New York's Cooperative and Condominium Community

Habitat Magazine Insider Guide

HABITAT

ARCHIVE ARTICLE

Heat Pump Technology Revolutionizes Heating and Cooling Systems in New York City

There are multiple paths to electrification, but a popular choice for co-op and condo boards is to up a building’s energy profile using heat pump technology. There are plenty of benefits with this route, and perhaps the most significant change is the opportunity it presents to rethink the building’s mechanical system. Will an upgrade allow for residents to better control heating and cooling in their own apartments? Will shifting this control to residents also move the energy line item from a building’s budget so that residents actually pay for the energy they use to heat and cool their apartments? Or will upgrading to heat pump technology offer some sort of a hybrid solution that can save energy costs and reduce carbon emissions but still allow for flexibility in the future?

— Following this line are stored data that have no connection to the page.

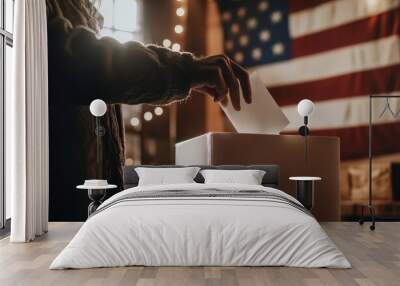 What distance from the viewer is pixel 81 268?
11.4 ft

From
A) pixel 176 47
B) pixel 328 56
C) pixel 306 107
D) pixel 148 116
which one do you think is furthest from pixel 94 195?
pixel 328 56

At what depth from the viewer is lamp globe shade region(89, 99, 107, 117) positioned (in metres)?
5.71

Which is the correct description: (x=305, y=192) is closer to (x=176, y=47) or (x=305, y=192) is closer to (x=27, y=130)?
(x=176, y=47)

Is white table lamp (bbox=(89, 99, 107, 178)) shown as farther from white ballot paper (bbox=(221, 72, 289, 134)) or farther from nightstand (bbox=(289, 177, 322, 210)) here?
nightstand (bbox=(289, 177, 322, 210))

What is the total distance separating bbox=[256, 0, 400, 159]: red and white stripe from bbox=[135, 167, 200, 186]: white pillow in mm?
1589

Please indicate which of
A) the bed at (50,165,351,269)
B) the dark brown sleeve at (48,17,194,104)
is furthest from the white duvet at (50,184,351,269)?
the dark brown sleeve at (48,17,194,104)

Of course, along with benefits come complications. Installing heat pumps can be expensive and disruptive. In many cases, a contractor will need access to apartments to measure and install air handlers and refrigerant lines, at considerable inconvenience to residents. Heat pumps also affect a building’s bottom line, not just in the cost of installation but also in the cost of electricity, which is an important factor for buildings removing gas- or oil-fired boilers in favor of heat pumps. “It’s a complicated decision-making matrix,” says Justin Szlasa, a board member at 240 E. 24th St., a co-op that’s gone fully electric with heat pump technology. While every building has its own systems to deal with, the following three stories give a good idea of what the drivers are and why it might make sense to make the heat pump switch.

 

BYE-BYE, BASEBOARDS

Waverly Mews

23 Waverly Place

The Lay of the Heating Land

Waverly Mews, a 120-unit co-op in Greenwich Village, had electric baseboard heaters that were inefficient and expensive. Each resident paid their own electric bill, and some shareholders were paying over $1,000 a month to meet their winter heating needs. The co-op had a D grade for energy efficiency, and the board wanted to improve the building’s performance. “Clearly, we need to move beyond wasting energy and money like that,” says Sasha Soroudi, the board president. This led the board to upgrade its heating system from electric baseboard heating to variable refrigerant flow (VRF) heat recovery units.

Heat and Cooling Upgrade

The VRF heat recovery system uses heat pump technology to provide both heating and cooling in each apartment. For each shareholder, this means that both heating and cooling will now come from new indoor units and thermostats. Window air conditioners that had cooled each apartment can now be removed, opening up valuable window space to more light and air. 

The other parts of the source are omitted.